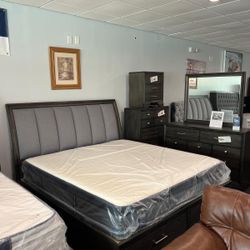 King Size Bedroom Set. 🚚WE DELIVER🚚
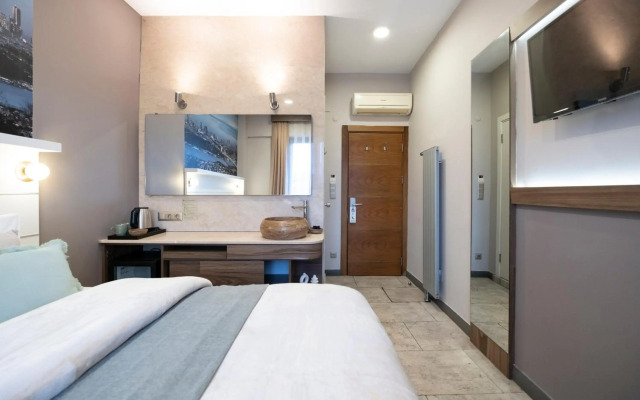 The Pera Hotel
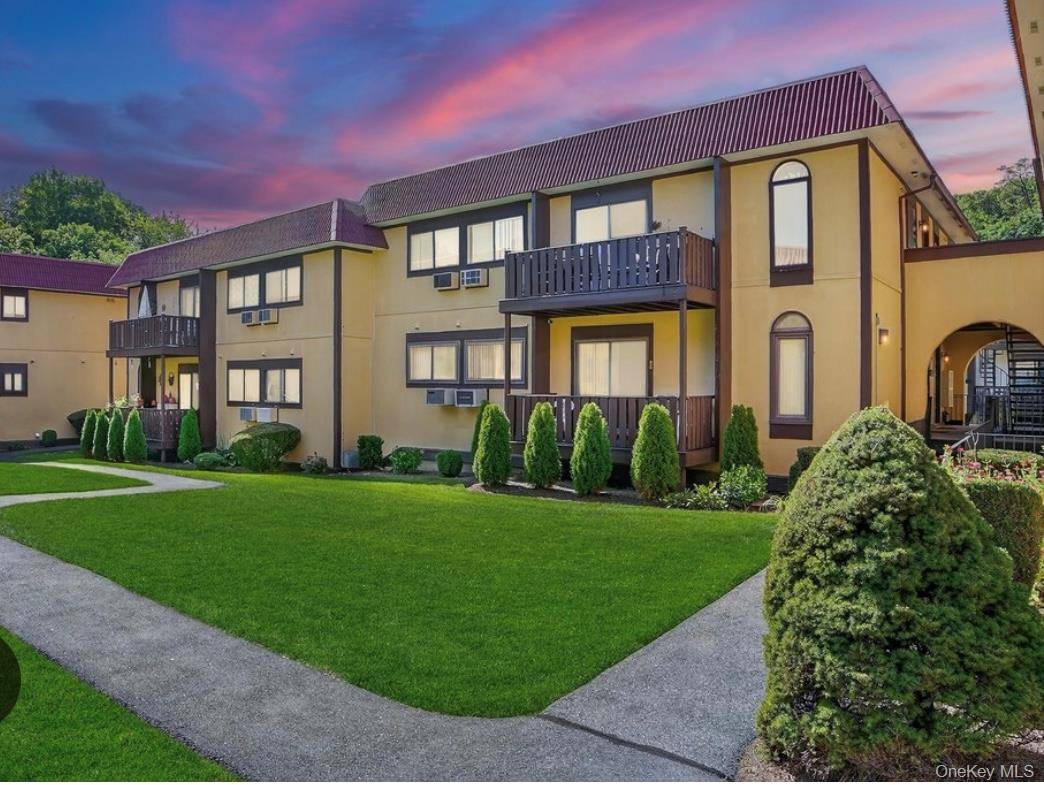 Welcome to this spacious 3 bedroom 2 bathroom condominium located in the desirable Granada Crescent complex.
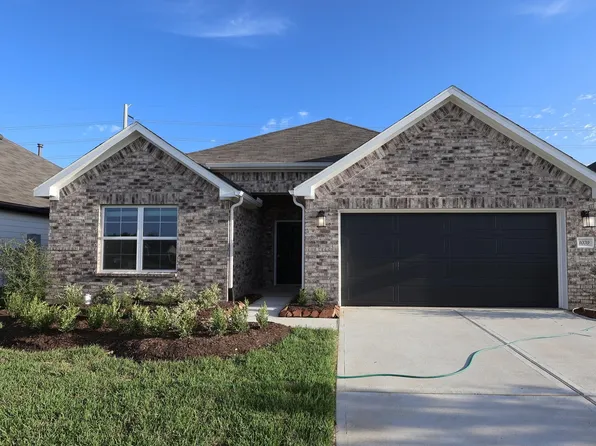 1070 Garnet Star Dr, La Marque, TX 77568
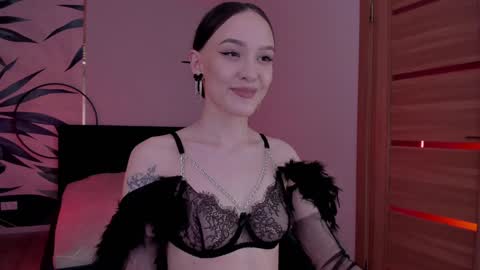 Snapshot of mistress_mialibra chatting on 5, 12, 2024 Mistress Mia online show from 5, 12, 2024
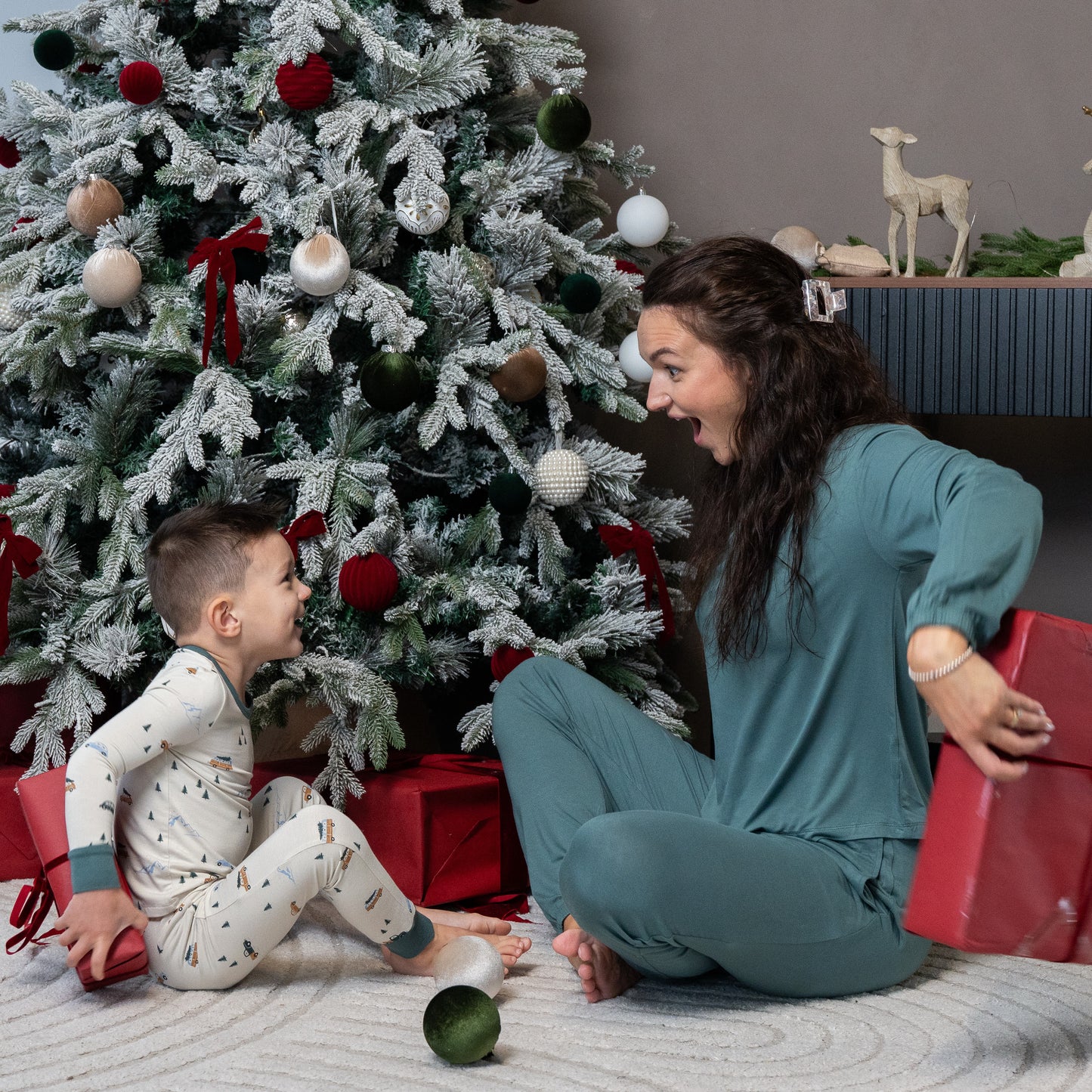 women's bamboo loungewear pine color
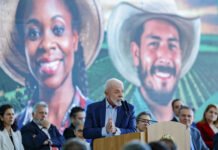 Novo lema do governo Lula mobiliza militância mas afasta eleitor de centro que elegeu petista em 2022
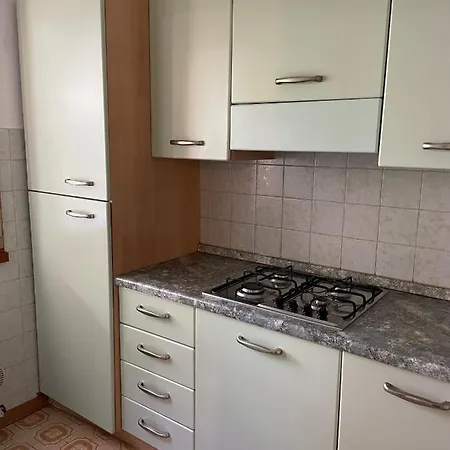 Apartment Tirrenia 5 *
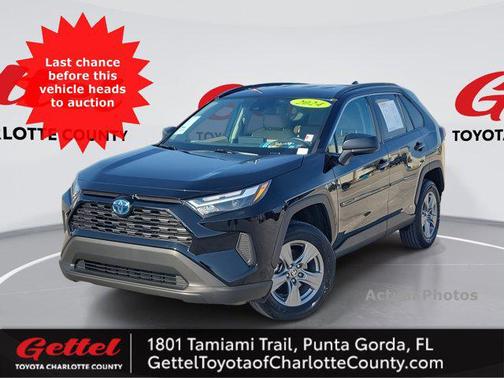 2024 Toyota RAV4 Hybrid SE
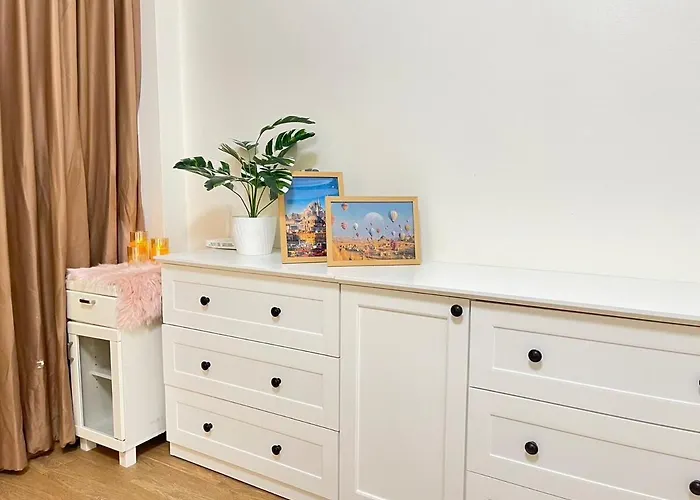 Apartment Modern 5-bedroom Townhome Near Mrt And Local Charm Bangkok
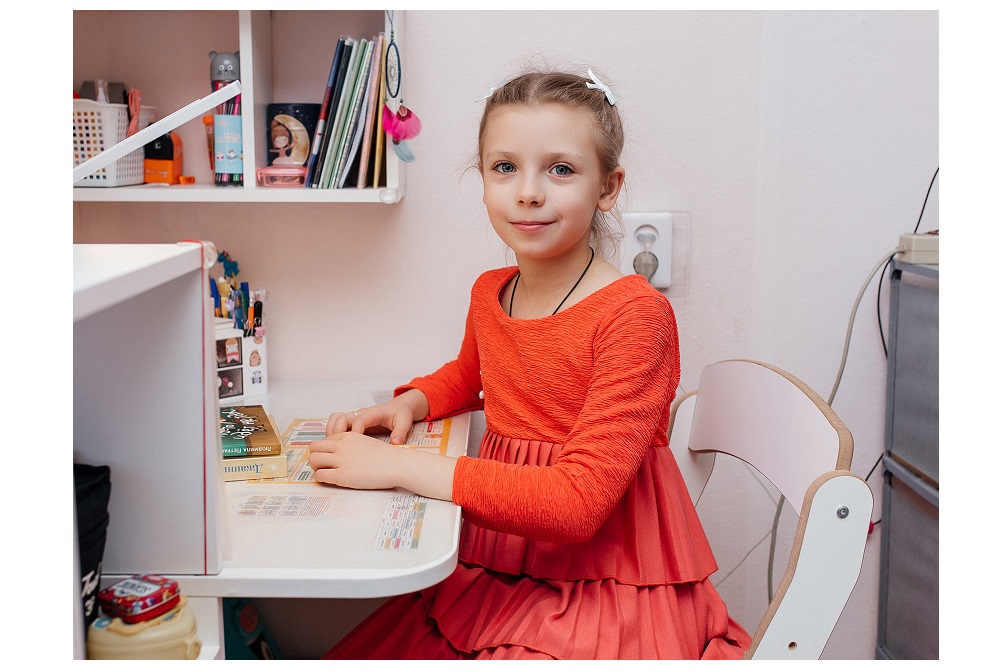 Поможем Вaре услышать мир: сбор открыт в приложении Tooba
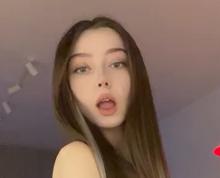 592x479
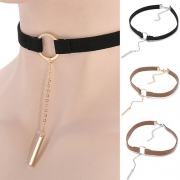 Moderiktig lager-på-lager tofs choker-halsband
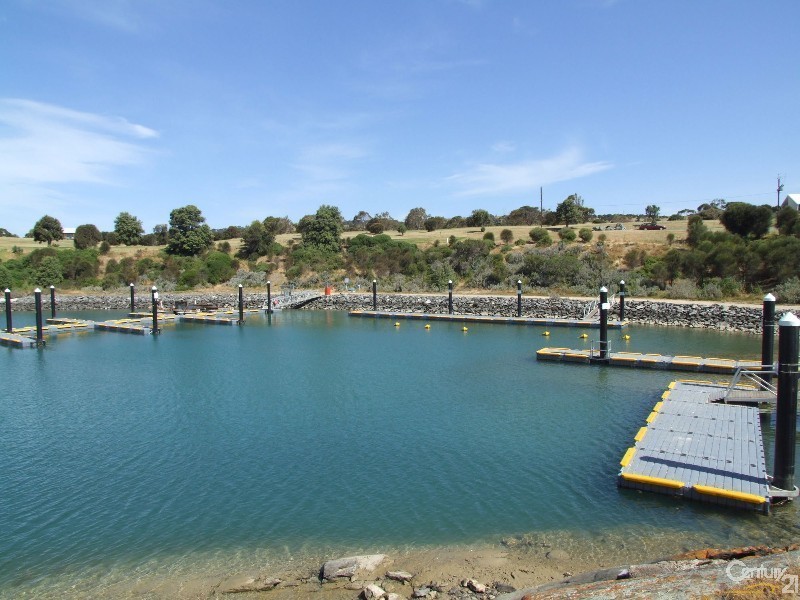 21 Howard Drive, Penneshaw SA 5222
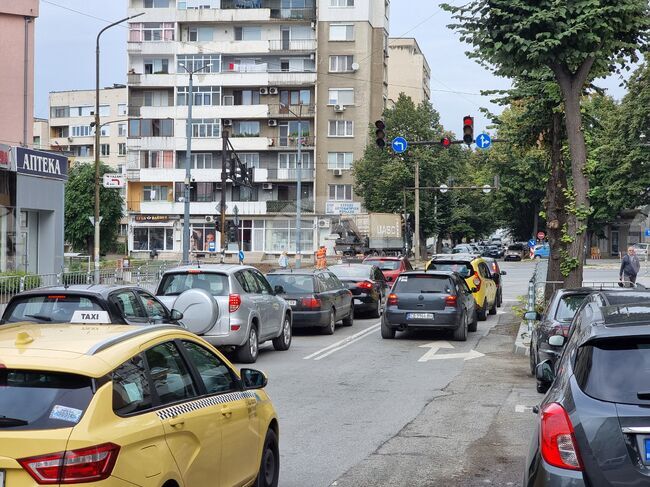 Отварят за движение ново кръгово кръстовище в Ямбол заради натоварен трафик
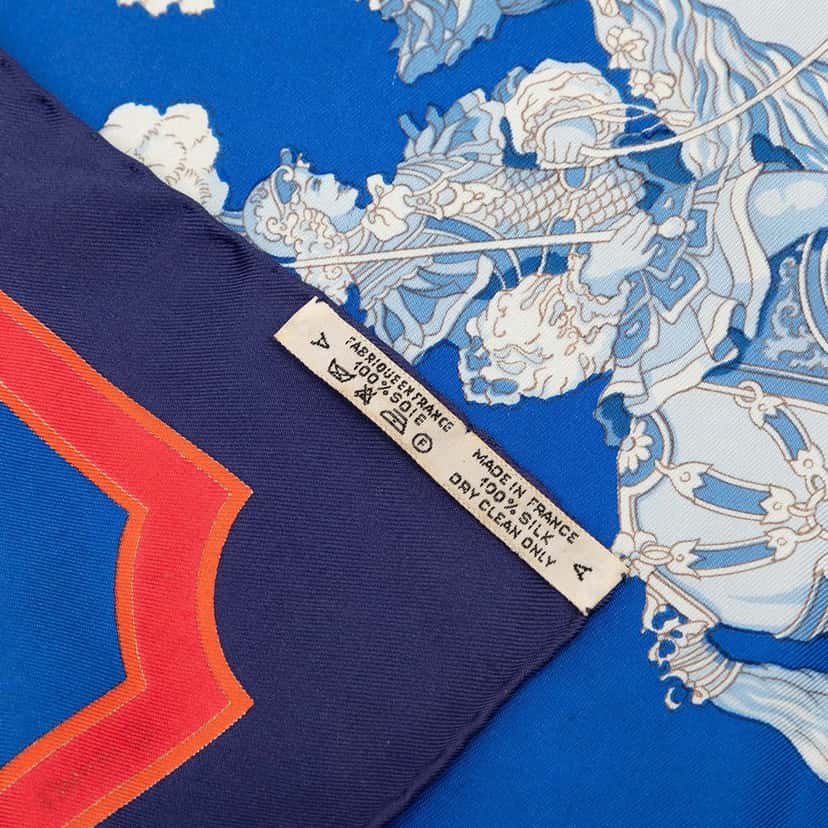 Hermès Carrousel Silk Scarf Blue Very good condition - Box View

◆ ◆ ◆

Activity: Look above for the line containing "women's bamboo loungewear pine color", then retype it and each line after it to the end of the records, exactly and without pictures.

Your solution:
 women's bamboo loungewear pine color
 Novo lema do governo Lula mobiliza militância mas afasta eleitor de centro que elegeu petista em 2022
 Apartment Tirrenia 5 *
 2024 Toyota RAV4 Hybrid SE
 Apartment Modern 5-bedroom Townhome Near Mrt And Local Charm Bangkok
 Поможем Вaре услышать мир: сбор открыт в приложении Tooba
 592x479
 Moderiktig lager-på-lager tofs choker-halsband
 21 Howard Drive, Penneshaw SA 5222
 Отварят за движение ново кръгово кръстовище в Ямбол заради натоварен трафик
 Hermès Carrousel Silk Scarf Blue Very good condition - Box View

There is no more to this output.